Knowing why to calculate your effective rate is even more important than knowing how to calculate it.

I realize that I just “one upped” myself as I have previously stated that knowing how to calculate your effective rate is THE most important aspect of maintaining your merchant account.

Allow me to explain…

Understanding why goes hand in hand with knowing how, but knowing why is slightly more important because without the “why” the “how” would be insignificant.

The calculation of knowing your effective rate, as previously mentioned is a means to gauge the cost of your merchant account fees.

Like an oil change

Every month you receive a statement from your merchant account provider and you are charged a total fee for accepting credit cards.

Watching this fee is the best and easiest maintenance measure that you can use.

When you change the oil in your car every 3,000 (or 5,000) miles you’re taking a maintenance action to keep your car running smoothly.

Similarly when you check your effective rate each month you’re “checking the oil” to make sure it is still running at optimal levels.

Turning all apples into oranges

Often times merchant account providers have different rate programs and rate structures.

There’s interchange plus, tier based, and blended rate programs and all of them make it difficult to understand the inner workings of how the rates are charged.

If you’re shopping around, comparing your service to another provider can become difficult as is simply monitoring your own rates if you don’t have an understanding of interchange pricing.

I’m not saying that you should constantly compare to other providers (that would be a lot of work) but if you are currently shopping for a new provider then you’re probably in the middle of this dilemma.

On top of the different pricing structures, there are various formats to the statement that you receive.
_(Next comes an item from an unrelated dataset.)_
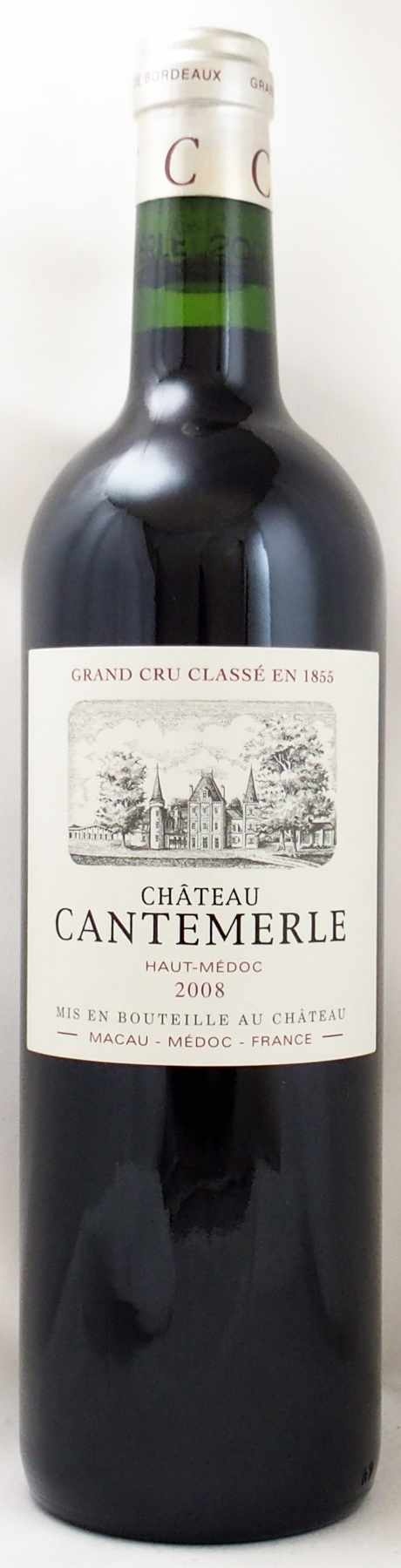 シャトー カントメルルの在庫一覧 CHATEAU CANTEMERLE｜年号ワイン.com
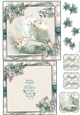 Peace On Earth 6X6 Topper Sheet #4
Some show transactions fees and hide provider markup. Others show interchange costs with percentage rates and hide downgrade fees.

The point is, it’s challenging to compare one program to the next because of these intentional differences set up by the merchant account providers.

Clearing the smoke and seeing past the mirrors

You’ll be in a losing game of push and pull, unless you know how to win.

Trying to find the best deal and then wondering how yours compares to the next is a dangerous roller coaster to be on.

Instead, arm yourself with the knowledge of calculating your effective rate and you’ll have the ability to cut right through the smoke and mirrors games of teaser rates, lowest rate guarantees and free terminals that aren’t really free.

Keep the ball in your court by knowing your effective rate.

Easy to monitor

Everyone likes easy but some things are difficult to comprehend because of the elements surrounding it.

If there was an easy way to do calculus perhaps we would have more math majors in school.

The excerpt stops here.